Baltimore, however, has a bigger problem on their hands: Manny Machado, Adam Jones, and Britton are all slated to hit free agency after 2018. Machado has been baseball’s 10th-best position player by FanGraphs wins above replacement (fWAR) with 16.2 during the last three seasons. Jones has averaged 2.88 fWAR every year since he became a regular in 2008 in Baltimore. Since his transition to the bullpen in 2014, Britton has the second lowest ERA (1.61) among relievers. General Manager Dan Duquette and manager Buck Showalter are also in their final years of their respective contracts.

Obviously, losing those three players to free agency, along with Duquette and Showalter, would be a huge dagger to the organization. What is more concerning, however, is the Orioles front office and ownership’s direction for the team. They have tried to move Manny Machado in a trade but have been unsuccessful in doing so. There have been no discussions for extensions with players such as Adam Jones and Jonathan Schoop. Tension between owner Peter Angelos and the rest of the organization has put the Orioles in an odd spot heading into 2018.

The direction, or lack of a direction, puts the organization in an uncomfortable position. FanGraphs projects the Orioles to win 72 games in 2018, the sixth-lowest projected total for any team. PECOTA projections are even more pessimistic, projecting the team to win 69 games. Even if you believe the Orioles are annually underrated by projection systems, it’s far-fetched to believe the Orioles have a roster capable of overtaking the Yankees, Red Sox or even the Blue Jays.

Where exactly does this put Baltimore? The Orioles farm system is decent (ranked 17th by Baseball America), including Major League Baseball caliber regulars such as Chance Sisco and Austin Hays, but there’s no escaping the inevitable rebuild that’s coming soon. That gives the Orioles two options: make one more go at it in 2018 or sell off pieces to mitigate the rebuilding process.

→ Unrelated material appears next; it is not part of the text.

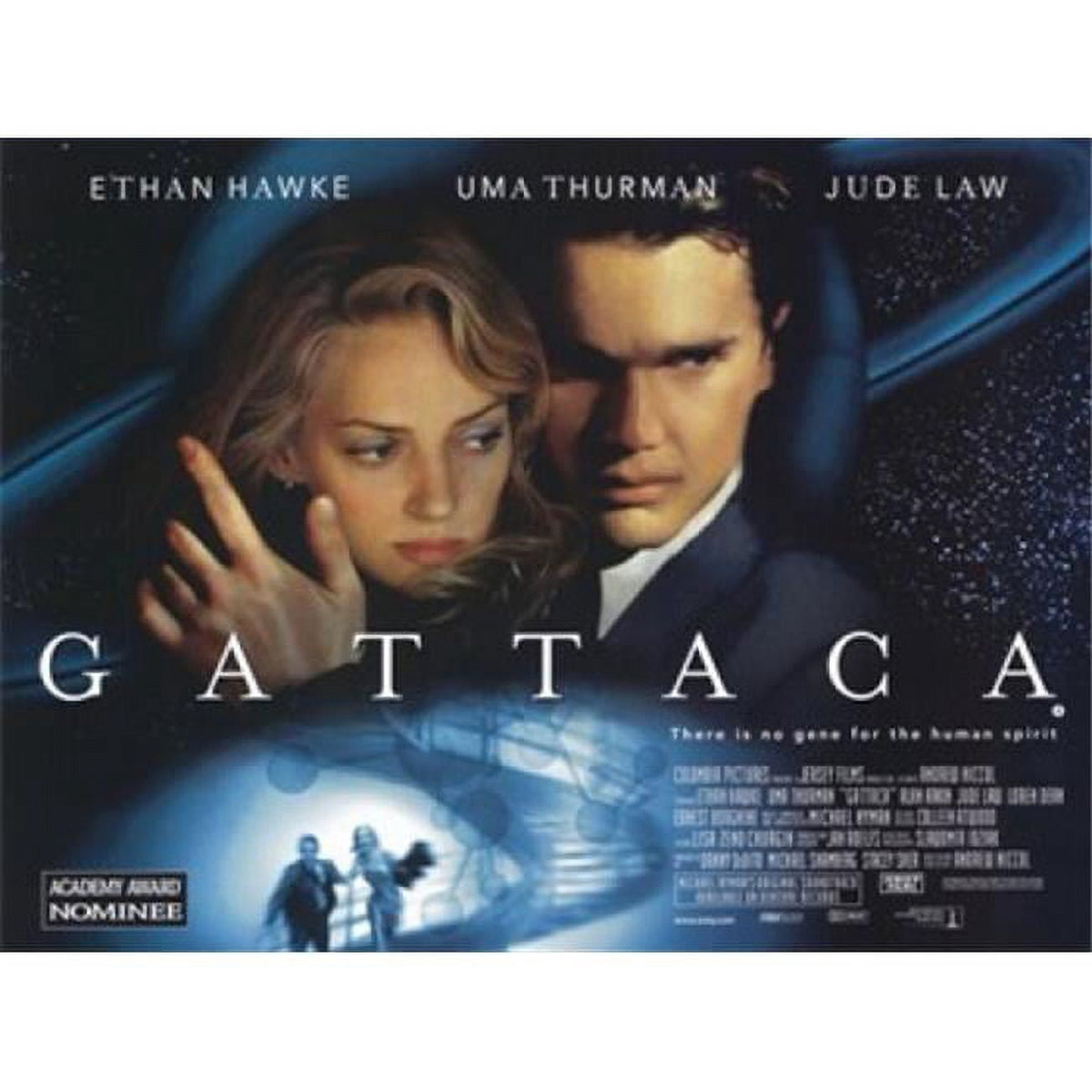 Gattaca movie poster print, 17x11 inches, featuring iconic sci-fi imagery.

The Orioles have picked neither of those routes.

The Orioles could go the direction of the 2017 Kansas City Royals, hoping for a playoff run and just letting their pending free agents leave and reward them with draft picks. They could try selling at the trade deadline as well but we’ve seen pending free agents get moved for very little recently (see, J.D. Martinez), which doesn’t benefit Baltimore much. Realistically, the time to move pieces should’ve been last year but it’s a moot point now.

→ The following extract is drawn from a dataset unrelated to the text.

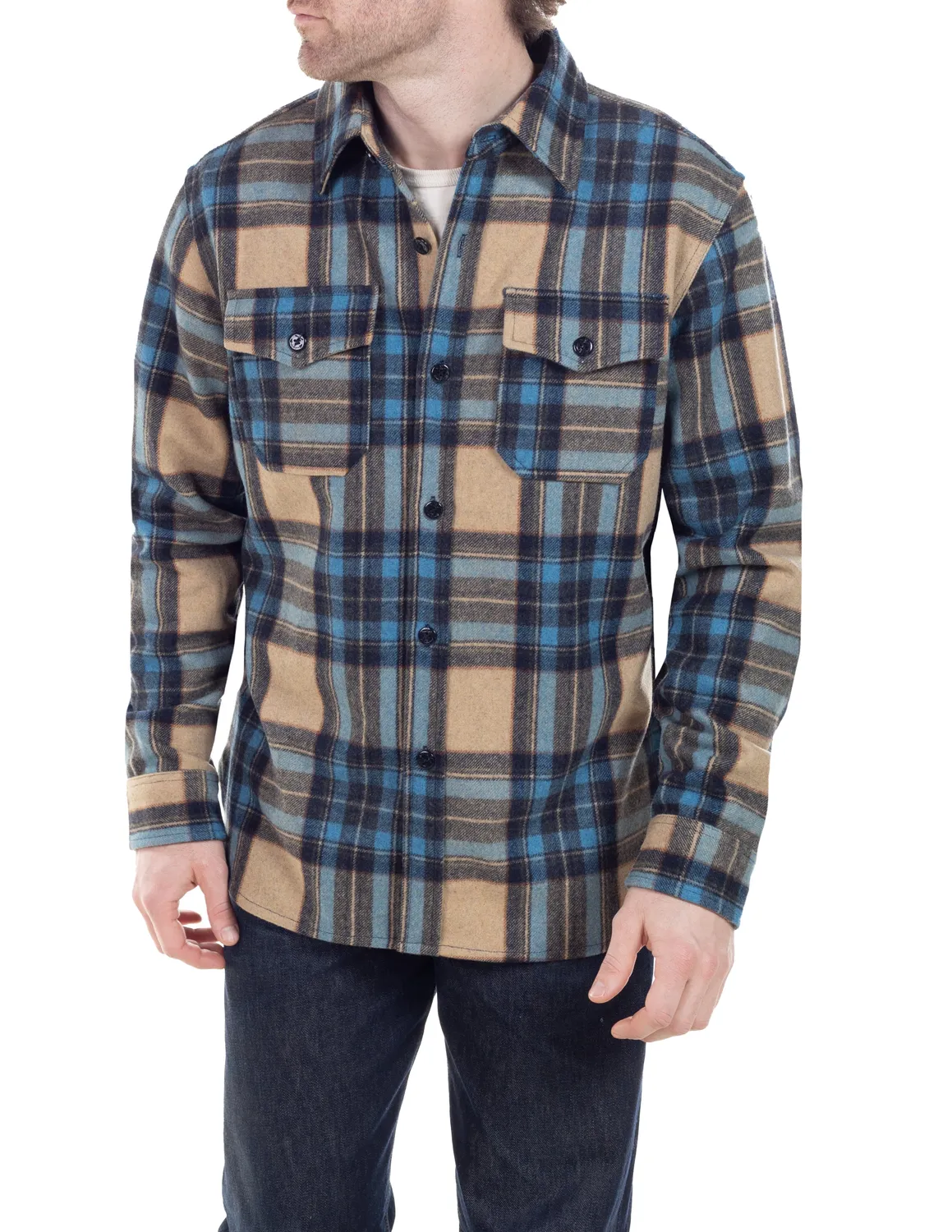 Schott NYC 7210P CPO-skjorte svart ullblanding 30"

With so many teams blatantly not trying to win in 2018, it’s possible Baltimore feels they have a chance to compete with the roster they have. If they pull off a contending season, it makes their lack of transactions look more defensible. If they struggle to finish above .500, the next calendar year in Baltimore could be a rough one, possibly one that results in a lot of turnover on the roster and in the front office.